Am I supposed to first download the (pretrained) t5-small model locally and if so from where and to what path, and how do I specify the model in this script?
Traceback (most recent call last):
File "/home/sumithrab/transformers/src/transformers/configuration_utils.py", line 349, in get_config_dict
resolved_config_file = cached_path(
File "/home/sumithrab/transformers/src/transformers/file_utils.py", line 832, in cached_path
raise EnvironmentError("file {} not found".format(url_or_filename))
OSError: file t5-small/config.json not found
During handling of the above exception, another exception occurred:
Traceback (most recent call last):
File "distillation.py", line 306, in <module>
distill_main(args)
File "distillation.py", line 296, in distill_main
model = create_module(args)
File "distillation.py", line 263, in create_module
model = module_cls(args)
File "/home/sumithrab/transformers/examples/seq2seq/finetune.py", line 63, in __init__
super().__init__(hparams, num_labels=None, mode=self.mode, **kwargs)
File "/home/sumithrab/transformers/examples/lightning_base.py", line 83, in __init__
self.config = AutoConfig.from_pretrained(
File "/home/sumithrab/transformers/src/transformers/configuration_auto.py", line 318, in from_pretrained
config_dict, _ = PretrainedConfig.get_config_dict(pretrained_model_name_or_path, **kwargs)

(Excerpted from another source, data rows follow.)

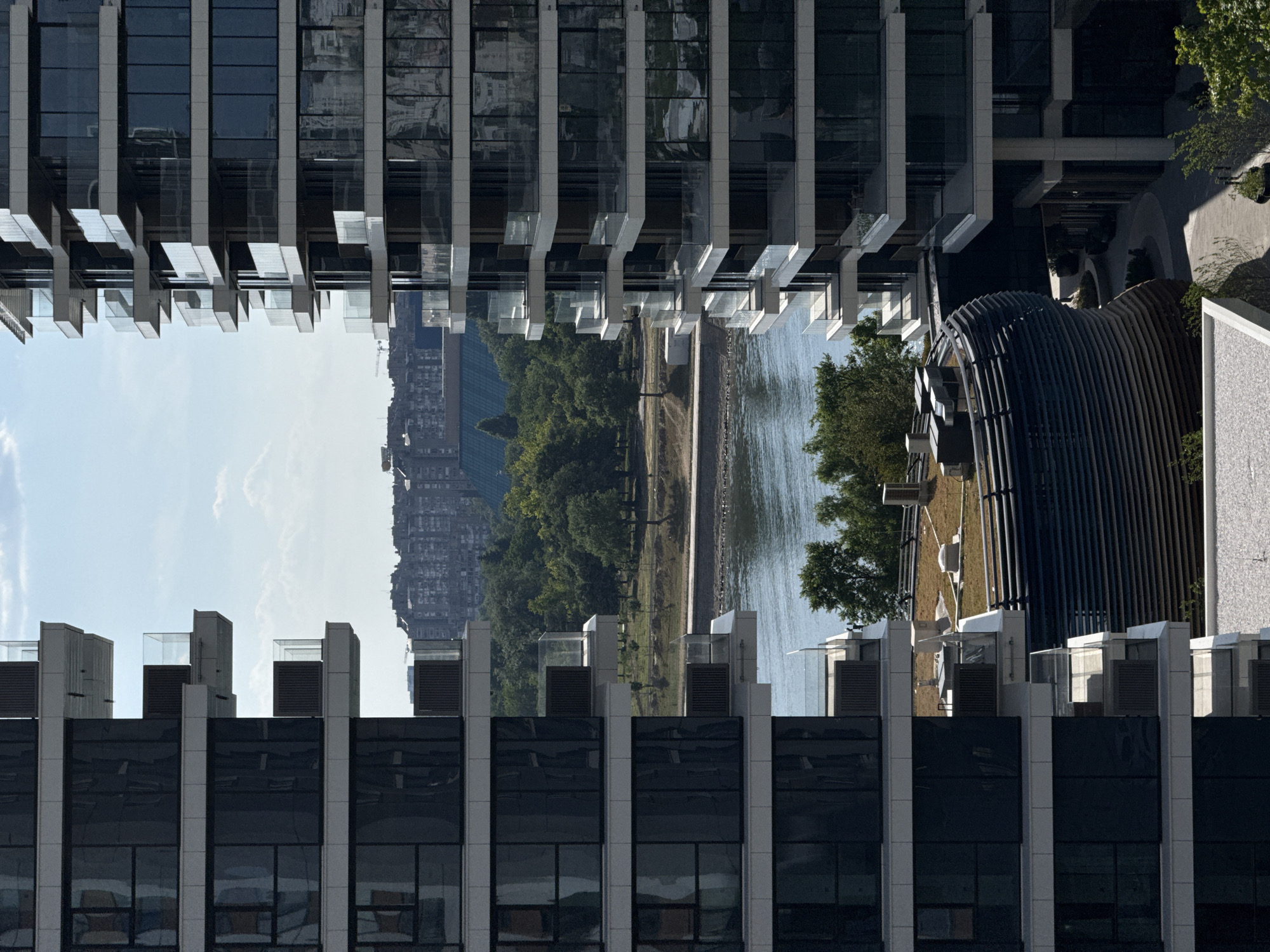 The image shows an urban landscape in Belgrade, Serbia. It is framed by two sections of a modern building with a repeating pattern of windows and vertical structural elements. The view between these building sections reveals a scene with the Sava River, a park with trees and grass, a pathway along the river, and a cluster of buildings in the distance. A distinctive architectural structure with a curved, ribbed exterior, possibly a building's ventilation or a design feature, sits near the right side of the frame. The sky is partially visible in the opening, suggesting a clear or slightly cloudy day. The overall composition has a surreal, Escher-like quality due to the buildings being depicted from different orientations.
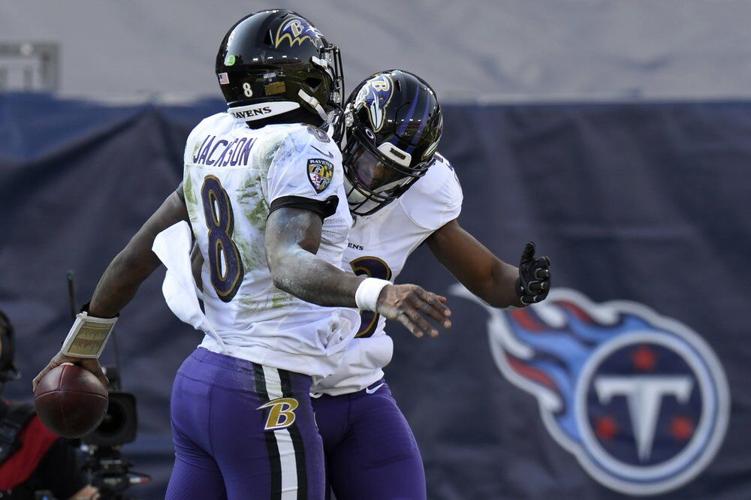 Baltimore Ravens quarterback Lamar Jackson (8) celebrates with running back Justice Hill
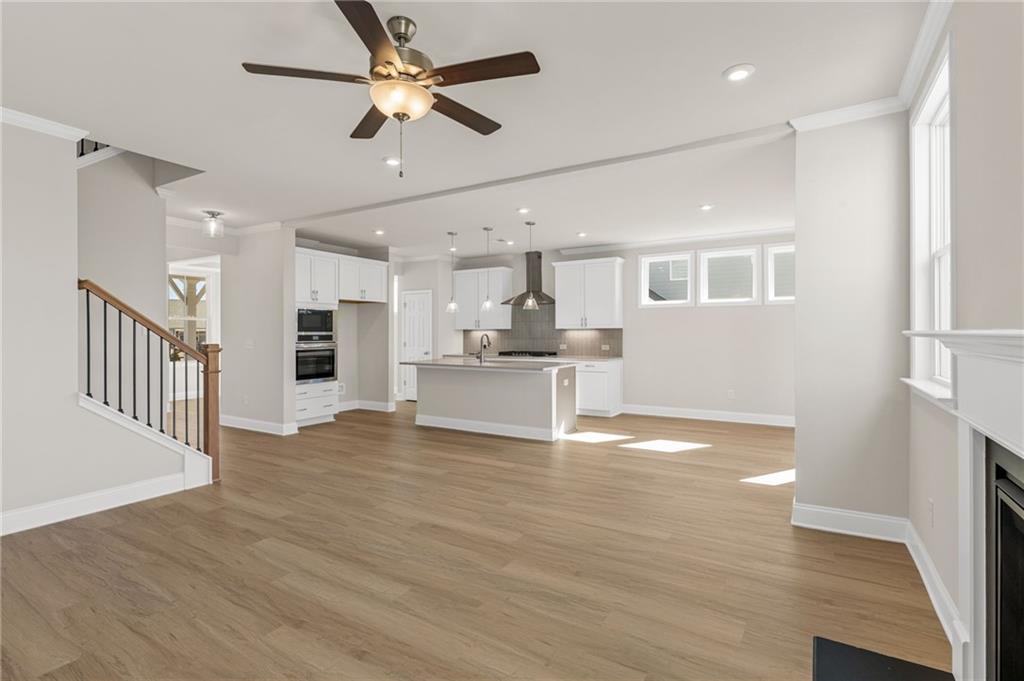 Open-concept living room with white kitchen island, ceiling fan, hardwood floors, and fireplace in The Willow B home, Hoschton, Georgia
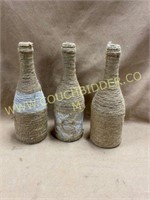 Jute twine wrapped wine bottles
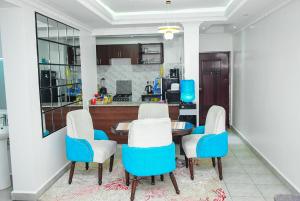a kitchen with blue and white chairs and a table at Polo Executive Abodes in Nairobi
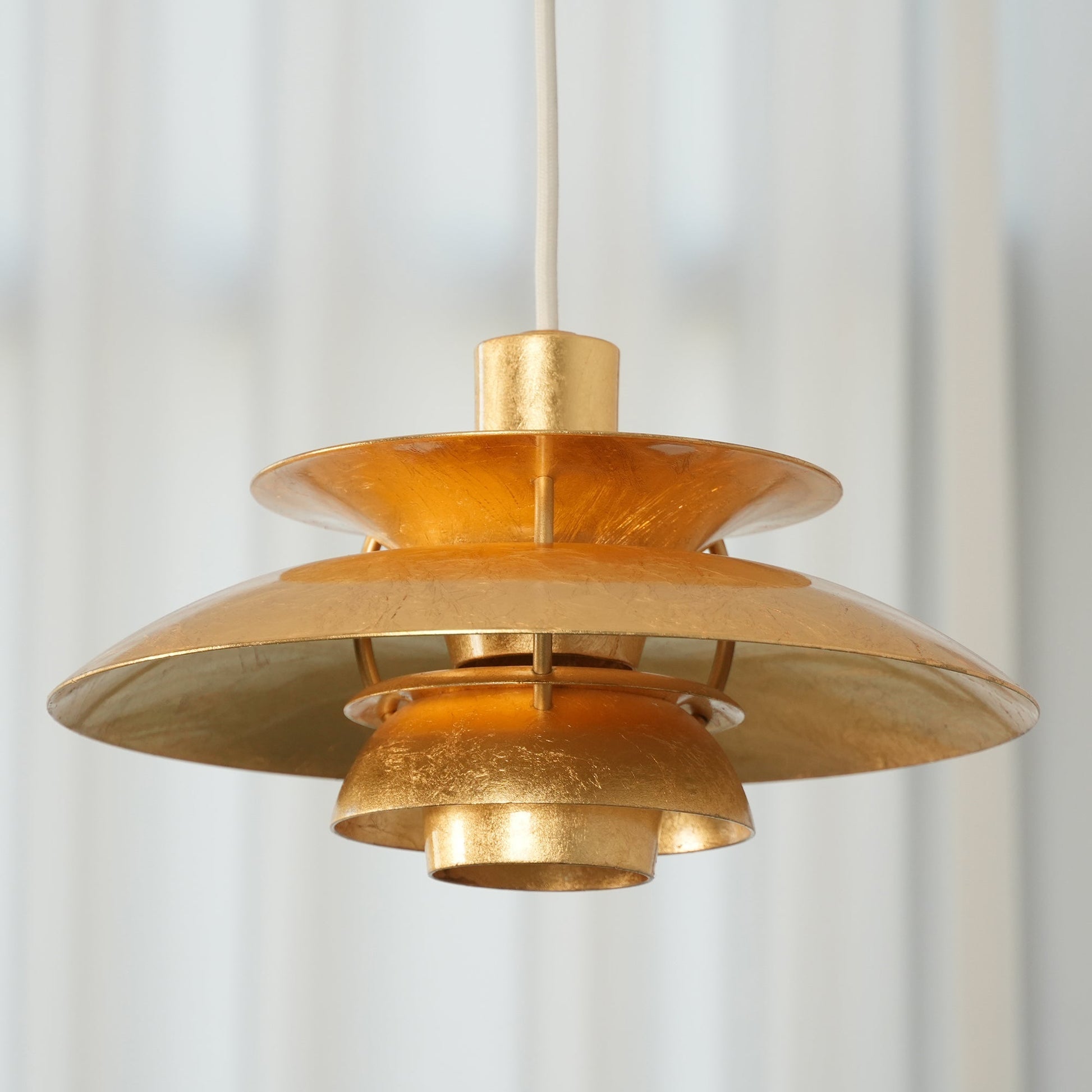 Detail shot of the gold foil texture on the lamp's shades.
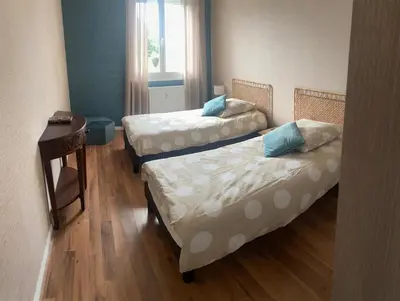 Un ou plusieurs lits dans un hébergement de l'établissement Bienvenue chez Virginie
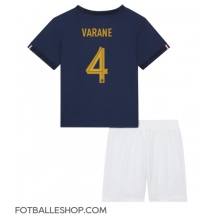 Frankrike Raphael Varane #4 Replika Hjemmedrakt Barn VM 2022 Kortermet (+ bukser)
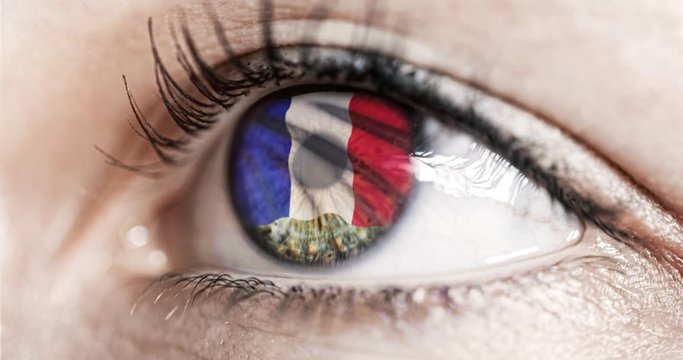 Woman green eye in close up with the flag of France in iris with wind motion. video concept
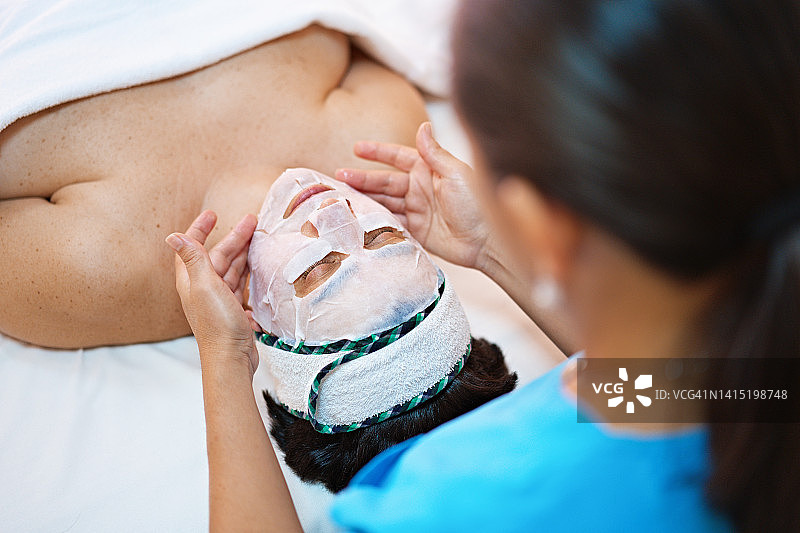 美容师给女人脸上涂抹净化面膜图片素材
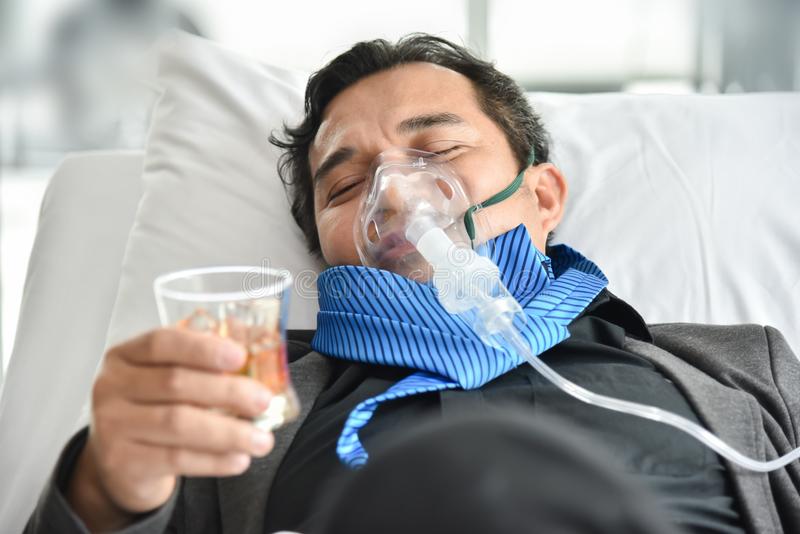 Cool dude on a ventilator drinking two fingers of whiskey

File "/home/sumithrab/transformers/src/transformers/configuration_utils.py", line 368, in get_config_dict
raise EnvironmentError(msg)
OSError: Can't load config for 't5-small'. Make sure that:
- 't5-small' is a correct model identifier listed on 'https://huggingface.co/models'
- or 't5-small' is the correct path to a directory containing a config.json file
If I were in your position, I would try again after rm -rf t5-small
then verify in a python repl that AutoConfig.from_pretrained('t5-small') doesn’t work
Then make a reproducible github issue, including transformers-cli env output.
This is not a distillation issue, and I can’t reproduce it on master.
According to your command line, there’s a --no_teacher option when yes teacher, and close the --no_teacher option when train no-teacher model. Is there any mistake?